The fast communication between and within neuronal networks is based on the excitability of individual neurons and their connectivity to other neurons. In this respect, neurons can be seen as computational devices that integrate information from multiple synaptic contacts and transform this information into an output function. Within synaptic contacts, the number of signaling molecules, like presynaptic calcium channels and postsynaptic receptors, is in the order of a few tens to hundred molecules. Considering the stochastic nature of ion channel gating and the ability of integral proteins to change rapidly their position in the cell membrane, we address the question to which extent such “molecular noise” modulates the input-output relation of a particular neuron and will change neuronal network activity.

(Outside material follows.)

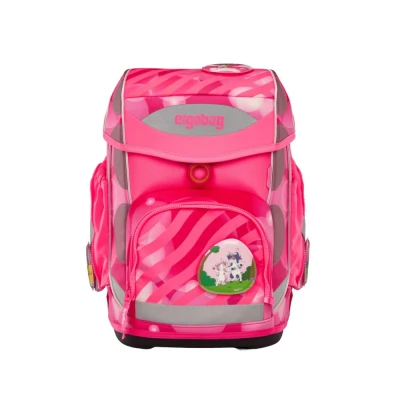 Abbildung von Ergobag Cubo Set Neo KuntBärbuntes Einhorn Schulranzen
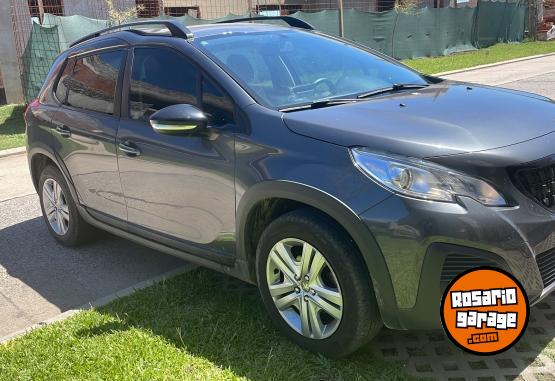 Autos - Peugeot 2008 2022 Nafta 38000Km - En Venta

Dynamics of molecules in the cell membrane of neurons is important within the nanometer range, a spatial scale that is most relevant within synapses. Here, we focus on voltage-gated calcium channels, synaptic adhesion molecules and postsynaptic ionotropic receptors. With the use of super resolution microscopy, we are able to look into synapses (200-500 nm large) and observe the motion of individual ion channels. Combining this approach with fluorescence-based functional readouts and electrophysiology, we explore the function of molecular dynamics in neuronal communication and memory formation. Interventions on the dynamics of single molecules revealed that local mobility of AMPA receptors and CaV2.1 channel has direct impact on the short-term plasticity of central synapses (Heine et al. 2008, Schneider et al. 2015, Heck et al. 2019).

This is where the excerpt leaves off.